La Grande Dame - Pretty Society
It's not often you have a world class polo professional asking to buy up your pony. However, that's what happened to us. The pony was Pretty Society and this is her story, her tribute.
We had just come back from a holiday in New Zealand, where we'd been, as always, impressed with the polo and especially the NZTB ponies, their speed, stamina and strength. Buying up race horses from the track and retraining for polo was something we'd done a lot of in our Nigerian days. However, it had proved difficult in Germany. We lacked contacts, facilities and an experienced older pony to show the way. We had reverted to picking up Argentine ponies already in Germany and bringing them on. We should have foreseen that our sons would take up the game and streak past us in ability. They were both naturals and were awarded best up-and-coming players by the @dpv_polo, the German Polo Association.We needed more ponies, more speed, more class. We decided to check out the race track again. This time we were lucky. A sleek, dark bay mare, four years old was for sale. She'd been placed a few times but the owner felt she wouldn't do better then this. We loved her look - elegant, great conformation and an intelligent eye. My husband put a saddle on her and rode her a little in the riding school. The owner asked if we could tell from this bit of riding if she'd be good for polo. No, not really, but we liked her enough to give it a try. We took her home with us.

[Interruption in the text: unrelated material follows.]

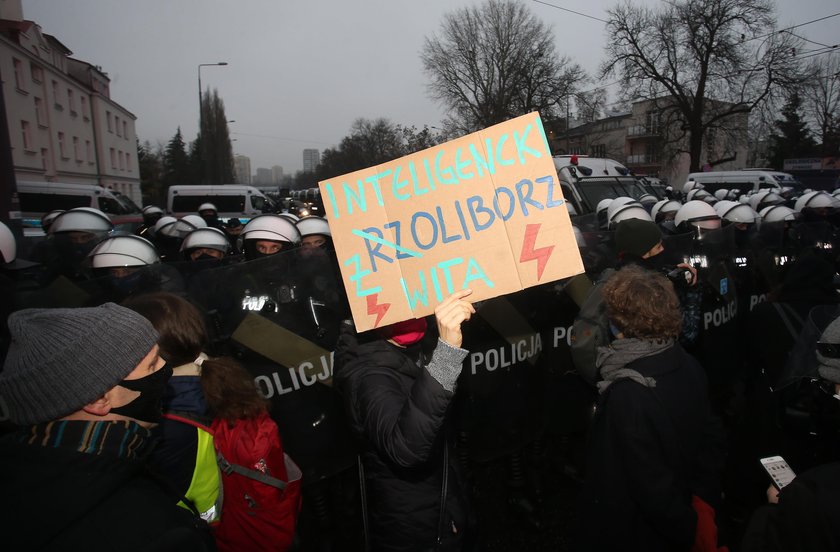 Protesty pod domem prezesa PiS. Kaczyński zrobił to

Pretty Society had been bred in Isarland, a breeding operation in Bavaria. The sire was Law Society, well known for being "difficult ". Getting her home, we realised Pretty Society had inherited his arrogance and was none too pleased to be stabled next to a couple of Argentine ponies. With a few well-aimed kicks she established "her" space and kept it all the time she was with us. She was always haughty, self-contained, not a cuddly pony at all. These, however, were the qualities that would stand her in good stead as a polo pony. Her attitude of being "a cut-above" meant her ride-offs were rock-solid. She wanted to be first to that little white ball, and knew exactly where it should be going - between those posts. However, that was all to come.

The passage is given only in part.